▼

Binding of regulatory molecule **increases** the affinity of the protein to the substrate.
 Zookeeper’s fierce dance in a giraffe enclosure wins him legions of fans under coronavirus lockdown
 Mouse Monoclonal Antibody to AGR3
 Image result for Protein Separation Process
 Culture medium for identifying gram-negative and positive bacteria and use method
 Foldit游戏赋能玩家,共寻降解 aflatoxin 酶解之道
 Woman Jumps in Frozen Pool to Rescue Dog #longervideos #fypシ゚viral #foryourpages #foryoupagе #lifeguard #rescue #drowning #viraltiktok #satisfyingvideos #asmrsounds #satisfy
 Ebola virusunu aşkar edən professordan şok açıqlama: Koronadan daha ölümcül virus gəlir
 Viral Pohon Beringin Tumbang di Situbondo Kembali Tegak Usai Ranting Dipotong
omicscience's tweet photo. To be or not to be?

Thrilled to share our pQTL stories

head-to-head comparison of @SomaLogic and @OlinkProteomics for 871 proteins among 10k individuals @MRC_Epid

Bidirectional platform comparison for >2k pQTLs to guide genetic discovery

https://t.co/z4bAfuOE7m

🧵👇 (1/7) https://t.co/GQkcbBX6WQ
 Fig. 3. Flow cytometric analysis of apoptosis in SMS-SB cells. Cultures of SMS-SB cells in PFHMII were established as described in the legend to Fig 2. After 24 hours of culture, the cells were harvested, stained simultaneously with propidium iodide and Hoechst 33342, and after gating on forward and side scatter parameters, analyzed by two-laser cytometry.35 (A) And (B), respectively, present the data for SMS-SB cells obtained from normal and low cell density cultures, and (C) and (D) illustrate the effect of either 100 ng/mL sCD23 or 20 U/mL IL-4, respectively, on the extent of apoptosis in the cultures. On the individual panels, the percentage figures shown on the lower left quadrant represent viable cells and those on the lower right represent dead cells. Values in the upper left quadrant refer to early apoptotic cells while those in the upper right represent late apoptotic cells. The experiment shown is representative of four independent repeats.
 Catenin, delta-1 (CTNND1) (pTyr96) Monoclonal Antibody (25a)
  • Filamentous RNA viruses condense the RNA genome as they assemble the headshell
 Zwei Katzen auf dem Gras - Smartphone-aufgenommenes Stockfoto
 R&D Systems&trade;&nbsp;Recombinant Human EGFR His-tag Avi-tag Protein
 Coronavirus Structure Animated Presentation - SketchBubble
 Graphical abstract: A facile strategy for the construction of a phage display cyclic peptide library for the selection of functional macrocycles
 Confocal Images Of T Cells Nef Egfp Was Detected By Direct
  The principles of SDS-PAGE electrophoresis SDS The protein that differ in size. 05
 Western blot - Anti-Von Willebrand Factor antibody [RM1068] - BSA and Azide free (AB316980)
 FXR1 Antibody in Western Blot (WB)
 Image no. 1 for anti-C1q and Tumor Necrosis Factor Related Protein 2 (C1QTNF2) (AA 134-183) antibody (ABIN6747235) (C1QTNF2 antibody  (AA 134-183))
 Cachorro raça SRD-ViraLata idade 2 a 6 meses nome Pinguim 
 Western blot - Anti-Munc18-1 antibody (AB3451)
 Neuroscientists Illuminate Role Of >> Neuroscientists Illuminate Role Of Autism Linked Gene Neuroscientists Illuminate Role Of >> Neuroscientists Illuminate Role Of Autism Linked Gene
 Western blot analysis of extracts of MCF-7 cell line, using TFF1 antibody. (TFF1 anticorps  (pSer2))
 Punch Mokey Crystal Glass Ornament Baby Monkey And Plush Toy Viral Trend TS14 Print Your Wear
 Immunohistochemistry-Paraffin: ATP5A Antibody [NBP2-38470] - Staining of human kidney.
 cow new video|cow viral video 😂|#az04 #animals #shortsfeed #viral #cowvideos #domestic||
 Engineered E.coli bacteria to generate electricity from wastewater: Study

▲

PROBLEM DETAILS ::
Every record must be transcribed precisely, down to the last character.

ANSWER BOX ::
Binding of regulatory molecule **increases** the affinity of the protein to the substrate.
 Zookeeper’s fierce dance in a giraffe enclosure wins him legions of fans under coronavirus lockdown
 Mouse Monoclonal Antibody to AGR3
 Image result for Protein Separation Process
 Culture medium for identifying gram-negative and positive bacteria and use method
 Foldit游戏赋能玩家,共寻降解 aflatoxin 酶解之道
 Woman Jumps in Frozen Pool to Rescue Dog #longervideos #fypシ゚viral #foryourpages #foryoupagе #lifeguard #rescue #drowning #viraltiktok #satisfyingvideos #asmrsounds #satisfy
 Ebola virusunu aşkar edən professordan şok açıqlama: Koronadan daha ölümcül virus gəlir
 Viral Pohon Beringin Tumbang di Situbondo Kembali Tegak Usai Ranting Dipotong
omicscience's tweet photo. To be or not to be?

Thrilled to share our pQTL stories

head-to-head comparison of @SomaLogic and @OlinkProteomics for 871 proteins among 10k individuals @MRC_Epid

Bidirectional platform comparison for >2k pQTLs to guide genetic discovery

https://t.co/z4bAfuOE7m

🧵👇 (1/7) https://t.co/GQkcbBX6WQ
 Fig. 3. Flow cytometric analysis of apoptosis in SMS-SB cells. Cultures of SMS-SB cells in PFHMII were established as described in the legend to Fig 2. After 24 hours of culture, the cells were harvested, stained simultaneously with propidium iodide and Hoechst 33342, and after gating on forward and side scatter parameters, analyzed by two-laser cytometry.35 (A) And (B), respectively, present the data for SMS-SB cells obtained from normal and low cell density cultures, and (C) and (D) illustrate the effect of either 100 ng/mL sCD23 or 20 U/mL IL-4, respectively, on the extent of apoptosis in the cultures. On the individual panels, the percentage figures shown on the lower left quadrant represent viable cells and those on the lower right represent dead cells. Values in the upper left quadrant refer to early apoptotic cells while those in the upper right represent late apoptotic cells. The experiment shown is representative of four independent repeats.
 Catenin, delta-1 (CTNND1) (pTyr96) Monoclonal Antibody (25a)
  • Filamentous RNA viruses condense the RNA genome as they assemble the headshell
 Zwei Katzen auf dem Gras - Smartphone-aufgenommenes Stockfoto
 R&D Systems&trade;&nbsp;Recombinant Human EGFR His-tag Avi-tag Protein
 Coronavirus Structure Animated Presentation - SketchBubble
 Graphical abstract: A facile strategy for the construction of a phage display cyclic peptide library for the selection of functional macrocycles
 Confocal Images Of T Cells Nef Egfp Was Detected By Direct
  The principles of SDS-PAGE electrophoresis SDS The protein that differ in size. 05
 Western blot - Anti-Von Willebrand Factor antibody [RM1068] - BSA and Azide free (AB316980)
 FXR1 Antibody in Western Blot (WB)
 Image no. 1 for anti-C1q and Tumor Necrosis Factor Related Protein 2 (C1QTNF2) (AA 134-183) antibody (ABIN6747235) (C1QTNF2 antibody  (AA 134-183))
 Cachorro raça SRD-ViraLata idade 2 a 6 meses nome Pinguim 
 Western blot - Anti-Munc18-1 antibody (AB3451)
 Neuroscientists Illuminate Role Of >> Neuroscientists Illuminate Role Of Autism Linked Gene Neuroscientists Illuminate Role Of >> Neuroscientists Illuminate Role Of Autism Linked Gene
 Western blot analysis of extracts of MCF-7 cell line, using TFF1 antibody. (TFF1 anticorps  (pSer2))
 Punch Mokey Crystal Glass Ornament Baby Monkey And Plush Toy Viral Trend TS14 Print Your Wear
 Immunohistochemistry-Paraffin: ATP5A Antibody [NBP2-38470] - Staining of human kidney.
 cow new video|cow viral video 😂|#az04 #animals #shortsfeed #viral #cowvideos #domestic||
 Engineered E.coli bacteria to generate electricity from wastewater: Study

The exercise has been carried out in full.